Gov. John Kasich’s Lame ‘Great White Hope’ Play For The Nomination

picture of Ohio Governor John Kasich
Ohio Governor John Kasich, the GOP’s ‘Great White Hope’??

After finishing a long distant second in the New Hampshire primary, Ohio Governor John Kasich’s plan to be the GOP’s ‘Great White Hope’ seems to be moving along. Now it seems the media is finally looking more closely at Kasich’s record in Ohio. We’ve been screaming about his lies ever since he joined the race for President.

Moments after he placed second in the New Hampshire primary, John Kasich was transformed from a low-profile, under-the-radar candidate to the new face of compassionate conservatism in America.

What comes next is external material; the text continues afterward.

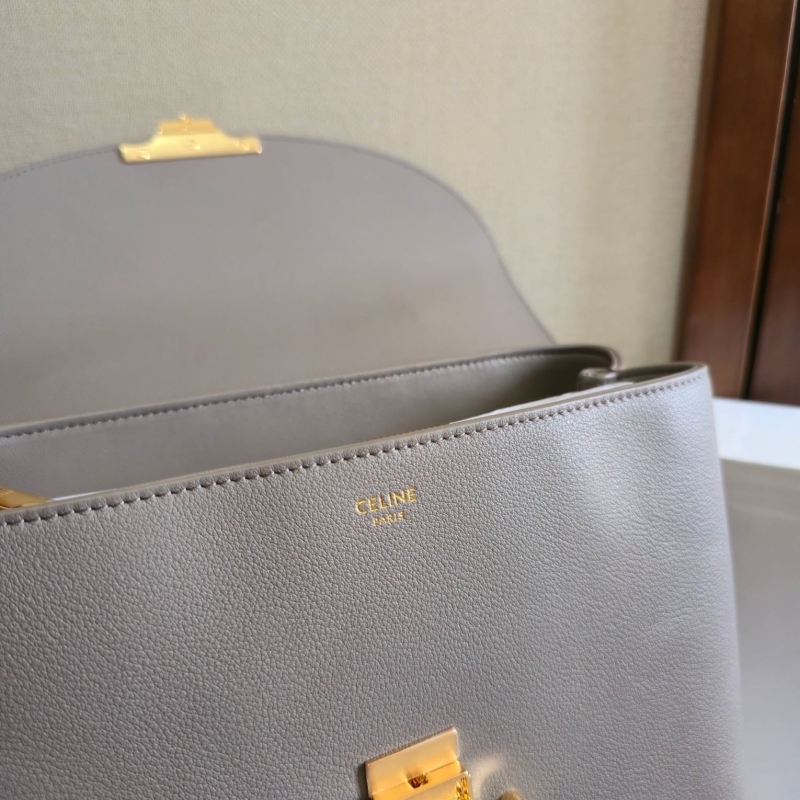 Ce1i*e kelly bags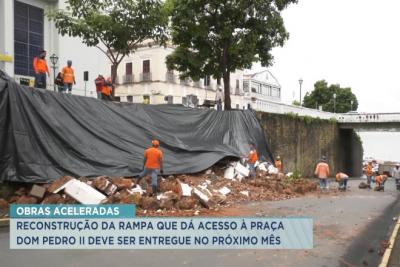 Reconstrução do muro da Praça Dom Pedro II deve terminar no mês de agosto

Here, apparently, was the moderate Republican antidote to the domineering Donald Trump, a governor with a record of achievement, willing to rise above the fearful invective on immigration to campaign in an optimistic way about the future of the United States.

“If you don’t have a seatbelt, go get one,” the 63-year-old almost yelled as he told an enthusiastic meeting of independents and Republican centrists. “Tonight the light overcame the darkness.”

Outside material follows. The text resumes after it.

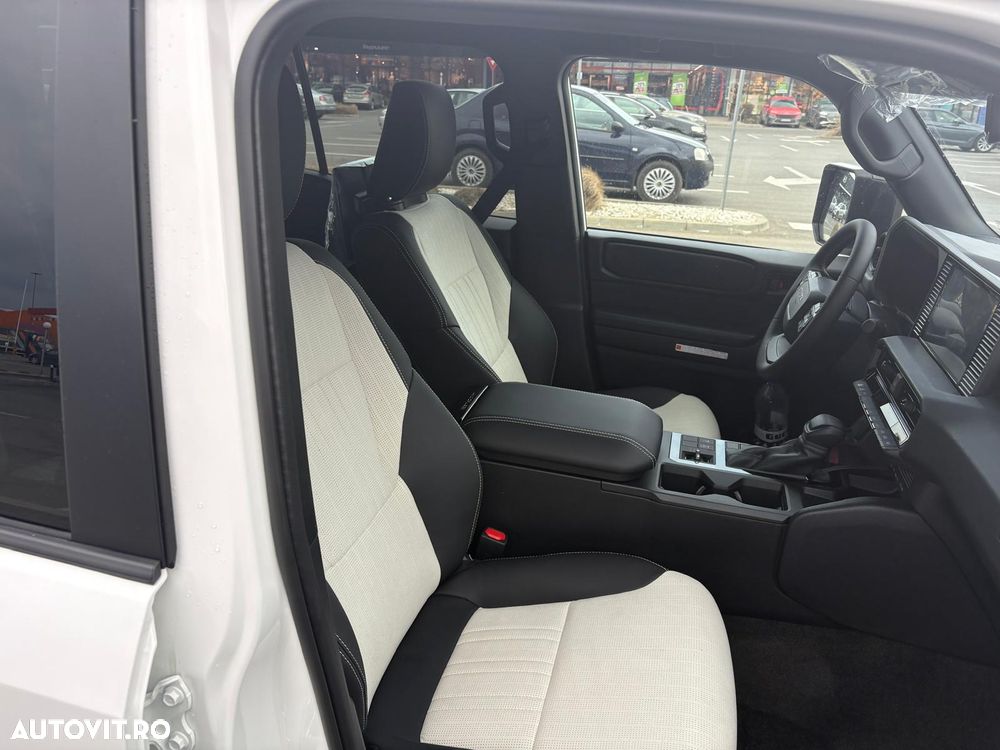 Toyota Land Cruiser 2.8l Turbo D-4D A/T Luxury - 14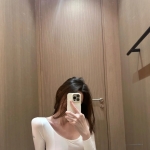 可馨外送茶：米朵165.D+.48.22歲 皮膚白皙 在床上非常主動 熱情 服務高度的配合度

But behind the unassuming image is a track record in his home state of Ohio, where he is a second-term governor, that puts him a big step to the right of what many Americans would consider moderate.

John Kasich has been billed as moderate candidate, but his record is anything but 

The Guardian article has a great summary of how NOT to be a moderate. The latest being Kasich plans to sign his 18th law, since taking office, that restricts abortion rights in the state. It is a law to defund Planned Parenthood that his office helped write.

He supported the effort in 2011 to take away union rights of public employees that became known as SB5. It was repealed by public referendum and since then, when he has wanted to stick it to a segment of the Ohio population – like women – he uses the budget to do it so it can’t be changed by referendum.

The Plunderbund blog as more details on how bad Kasich has been for Ohio.

Kasich also has a well known anger problem:

John Kasich has a resume seemingly tailor-made for a serious run for the Republican nomination: blue-collar upbringing, congressional budget hawk, Fox News commentator, investment banker, successful two-term governor of Ohio. 

But there’s just one problem, according to interviews with dozens of those who’ve worked in politics alongside him at various points over the past several decades: his short fuse.

There was the friend who excitedly called Kasich to tell him he was about to announce a campaign for statewide office, only to get a letdown of a reply: “How stupid are you?”

There was the wealthy conservative donor he raised his voice to during a Koch brothers-sponsored conference, prompting a walkout.

There was the BP employee who, in the middle of a meeting, found himself the target of Kasich’s derision. “You know why oil and gas companies have a bad reputation?” the governor barked at him. “Because they deserve it.”

There was the professor who wrote Kasich, then a young state senator, a letter of complaint about his education policies. “When you learn to write a civil letter,” the brash lawmaker fired back, “I will respond accordingly.”

John Kasich’s anger management

There is also the well known time he lashed out a police officer during a traffic stop and refused to even look at his last election opponent when they were being interviewed in the same room. That made him look so bad the campaign forced the newspaper, who filmed the interview, to remove it from their website.

I can see Kasich’s game plan. He wants to be the “moderate” compromise when the GOP establishment decide to blow up the summer convention rather than let Trump or Cruz be the face of the party in November. That game plan seems to be gaining traction now that the political pundits are writing off Senator Marco Rubio after New Hampshire.

The only thing that could ruin Kasich’s plan is if former New York Mayor Michael Bloomberg enters the Presidential race. It will be really bad for Kaisch and the GOP unless Bloomberg runs as a Republican, which isn’t likely.

John Kasich spent several months exclusively campaigning in New Hampshire and he was still beat 2 to 1 by Donald Trump. Kasich doesn’t have months to campaign in the other primary states because there isn’t that kind of time left. I doubt he gets close enough to Trump or Cruz to make a deadlocked convention even a possibility in the fevered dreams of the GOP leadership.

To be sure Kasich has been terrible for Ohio and any thought he is a ‘moderate’ totally scrambles the meaning of the word.